Source material:
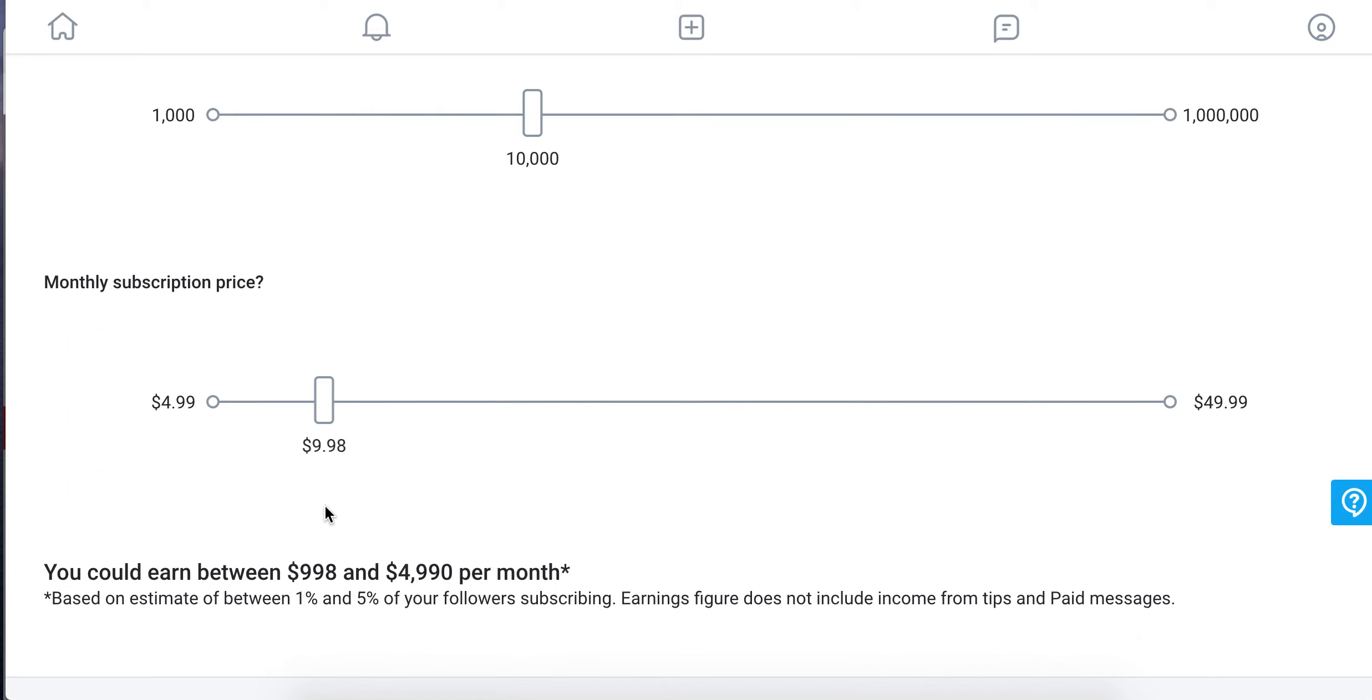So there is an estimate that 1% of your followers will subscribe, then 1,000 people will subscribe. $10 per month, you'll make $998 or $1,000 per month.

---

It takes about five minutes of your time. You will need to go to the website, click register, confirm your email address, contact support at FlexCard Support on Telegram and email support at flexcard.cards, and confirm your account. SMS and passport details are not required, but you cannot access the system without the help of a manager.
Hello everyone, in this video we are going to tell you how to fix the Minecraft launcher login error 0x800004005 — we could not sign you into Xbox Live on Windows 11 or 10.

Problem statement:
Looking at the data above, write out exactly the lines that start at the one containing "It takes about" and end at the one containing "Hello everyone, in"; include both and nothing beyond.

Solved exercise:
It takes about five minutes of your time. You will need to go to the website, click register, confirm your email address, contact support at FlexCard Support on Telegram and email support at flexcard.cards, and confirm your account. SMS and passport details are not required, but you cannot access the system without the help of a manager.
Hello everyone, in this video we are going to tell you how to fix the Minecraft launcher login error 0x800004005 — we could not sign you into Xbox Live on Windows 11 or 10.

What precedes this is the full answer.